Hughes’s childhood was both characteristic and unusual. He and I belong to the old watershed — Protestant/ Catholic, mercantile/artistic, sporting/ bookish. My Protestant public school was founded before his Jesuit college, but his is in Sydney, and mine in provincial Queensland. He is descended from a distinguished family devoted to government service while the Porters peaked in the 1880s and soon sank without trace. There were soldiers and war dead in both camps but neither of us ever had to do national service. All other comparisons reveal him to be the more fortunate. It still astounds me that, straight off the boat/aeroplane, he was taken up by English editors and publishers. Australians who preceded him watched enviously as his career blossomed. But subliminally we knew he deserved to succeed: there were not many things he didn’t know, and he was fearless and would go anywhere and report anything.
The heart of this book is devoted to an exhilarating description of travelling in Italy before the days of saturated tourism, which reaches its apotheosis in his account of the floods in Florence in 1966. Ghiberti’s ‘Doors of Paradise’, Cimabue’s Santa Croce crucifix, the dank and damaged books of the Bibliotecca Nazionale, are lamented with a psalmist’s fervour. This vision of destruction in all its hateful reality cures him of any futurist fondness for replacing the past with a historically inevitably present. But his deepest insight is a consequence of his Jesuit upbringing. The art of Europe is predominantly Christian in iconography, and finally Hughes was forced to admit to himself that the doctrinal assertions he grew up with were not true that one prays ‘through’ the image to the transcendent reality beyond. He came to believe that there is no such transcendence: only the icon counts and is real.
‘You should,’ he writes, ‘learn to weep in a museum.’ He does so, standing in front of Duccio’s ‘Maesta’ in Siena, quoting Yeats to himself. His next volume of autobiography should show him weeping while he writes the books he produced when working for Time-Life, an extraordinary predominance of seriousness over expedience.

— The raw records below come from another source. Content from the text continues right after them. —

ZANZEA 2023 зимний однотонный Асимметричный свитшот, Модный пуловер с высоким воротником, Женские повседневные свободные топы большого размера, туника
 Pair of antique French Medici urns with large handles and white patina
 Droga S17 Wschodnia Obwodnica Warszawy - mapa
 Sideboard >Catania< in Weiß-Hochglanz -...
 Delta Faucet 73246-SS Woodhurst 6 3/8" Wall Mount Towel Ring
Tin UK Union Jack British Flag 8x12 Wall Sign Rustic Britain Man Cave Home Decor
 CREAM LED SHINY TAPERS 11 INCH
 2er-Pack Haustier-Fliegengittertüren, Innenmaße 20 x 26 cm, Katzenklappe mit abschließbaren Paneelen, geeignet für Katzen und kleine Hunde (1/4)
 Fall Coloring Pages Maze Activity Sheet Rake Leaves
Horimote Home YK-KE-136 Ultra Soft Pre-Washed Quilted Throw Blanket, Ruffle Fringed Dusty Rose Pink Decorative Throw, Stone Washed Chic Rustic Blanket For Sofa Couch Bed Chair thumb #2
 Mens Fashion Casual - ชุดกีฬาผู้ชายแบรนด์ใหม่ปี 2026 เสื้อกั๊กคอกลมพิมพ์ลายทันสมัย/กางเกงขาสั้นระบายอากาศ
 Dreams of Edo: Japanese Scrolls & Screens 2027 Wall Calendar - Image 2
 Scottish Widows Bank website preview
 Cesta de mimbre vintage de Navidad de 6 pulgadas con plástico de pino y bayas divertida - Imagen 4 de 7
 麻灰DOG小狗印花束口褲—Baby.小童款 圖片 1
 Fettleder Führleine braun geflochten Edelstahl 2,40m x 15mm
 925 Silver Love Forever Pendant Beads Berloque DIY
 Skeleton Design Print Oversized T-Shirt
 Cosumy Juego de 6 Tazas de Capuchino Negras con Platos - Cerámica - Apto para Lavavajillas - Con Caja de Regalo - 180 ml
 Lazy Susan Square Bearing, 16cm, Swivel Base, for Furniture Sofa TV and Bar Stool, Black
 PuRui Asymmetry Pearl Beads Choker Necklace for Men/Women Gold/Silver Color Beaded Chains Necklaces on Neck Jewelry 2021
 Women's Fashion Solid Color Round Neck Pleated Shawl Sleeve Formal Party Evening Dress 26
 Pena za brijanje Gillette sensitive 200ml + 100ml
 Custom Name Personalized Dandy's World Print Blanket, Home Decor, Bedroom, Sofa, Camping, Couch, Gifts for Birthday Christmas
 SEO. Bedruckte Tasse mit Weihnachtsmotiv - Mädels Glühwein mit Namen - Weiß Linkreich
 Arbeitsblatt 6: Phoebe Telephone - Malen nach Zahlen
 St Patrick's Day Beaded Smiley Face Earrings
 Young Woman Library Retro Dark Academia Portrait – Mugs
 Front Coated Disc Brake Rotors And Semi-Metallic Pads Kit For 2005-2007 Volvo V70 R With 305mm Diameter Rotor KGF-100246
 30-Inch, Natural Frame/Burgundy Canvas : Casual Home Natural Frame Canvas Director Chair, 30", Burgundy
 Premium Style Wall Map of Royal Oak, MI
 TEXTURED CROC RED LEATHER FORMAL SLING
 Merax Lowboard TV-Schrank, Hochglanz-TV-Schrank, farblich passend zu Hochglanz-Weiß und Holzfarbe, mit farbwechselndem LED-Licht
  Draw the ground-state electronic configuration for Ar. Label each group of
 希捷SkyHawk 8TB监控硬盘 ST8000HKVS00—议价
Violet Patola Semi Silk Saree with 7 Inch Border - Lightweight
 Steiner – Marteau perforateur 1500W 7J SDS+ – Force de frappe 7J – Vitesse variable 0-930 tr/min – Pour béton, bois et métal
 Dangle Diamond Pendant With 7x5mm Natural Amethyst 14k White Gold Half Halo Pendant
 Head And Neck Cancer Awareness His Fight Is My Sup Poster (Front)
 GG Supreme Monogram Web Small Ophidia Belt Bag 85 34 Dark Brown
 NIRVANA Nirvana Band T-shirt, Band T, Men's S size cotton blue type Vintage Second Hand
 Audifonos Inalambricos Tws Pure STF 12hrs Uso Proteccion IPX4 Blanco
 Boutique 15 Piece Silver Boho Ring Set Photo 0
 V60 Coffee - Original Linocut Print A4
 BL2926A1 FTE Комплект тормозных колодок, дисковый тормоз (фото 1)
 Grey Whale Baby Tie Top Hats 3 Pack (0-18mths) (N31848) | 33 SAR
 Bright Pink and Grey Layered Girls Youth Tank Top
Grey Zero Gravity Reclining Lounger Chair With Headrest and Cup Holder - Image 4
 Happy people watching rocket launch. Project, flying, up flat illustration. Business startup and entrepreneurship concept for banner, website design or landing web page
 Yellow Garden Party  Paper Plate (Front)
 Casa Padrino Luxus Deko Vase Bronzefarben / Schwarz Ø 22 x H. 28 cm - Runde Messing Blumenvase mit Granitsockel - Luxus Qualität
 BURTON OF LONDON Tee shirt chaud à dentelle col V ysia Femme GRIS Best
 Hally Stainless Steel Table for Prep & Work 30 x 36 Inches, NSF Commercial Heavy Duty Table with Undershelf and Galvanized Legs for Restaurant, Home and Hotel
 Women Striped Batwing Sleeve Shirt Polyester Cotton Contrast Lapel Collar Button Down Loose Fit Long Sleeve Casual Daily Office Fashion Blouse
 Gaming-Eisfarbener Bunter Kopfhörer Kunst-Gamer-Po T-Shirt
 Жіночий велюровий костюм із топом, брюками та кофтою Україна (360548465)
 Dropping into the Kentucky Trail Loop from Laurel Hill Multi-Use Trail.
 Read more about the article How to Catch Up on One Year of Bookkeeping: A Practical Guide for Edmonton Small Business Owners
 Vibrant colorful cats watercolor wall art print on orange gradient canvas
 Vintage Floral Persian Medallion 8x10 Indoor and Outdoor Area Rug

His autobiography is clearly intended for the American market, and not just in its spelling. There is much explaining of terms familiar to British and Australian readers. And how did certain things escape those American enforcers, the fact-checkers? Australia’s immigration minister was Calwell, not Caldwell; Dr Crippen was British, not American; and Monsieur Jourdain was appalled, not delighted, to discover that he had been speaking prose all his life. Art needs good friends who are not just ‘village explainers’, even when the village is New York. Hughes is one such and he remains a sure guide through the ‘selva oscura’ of modern painting.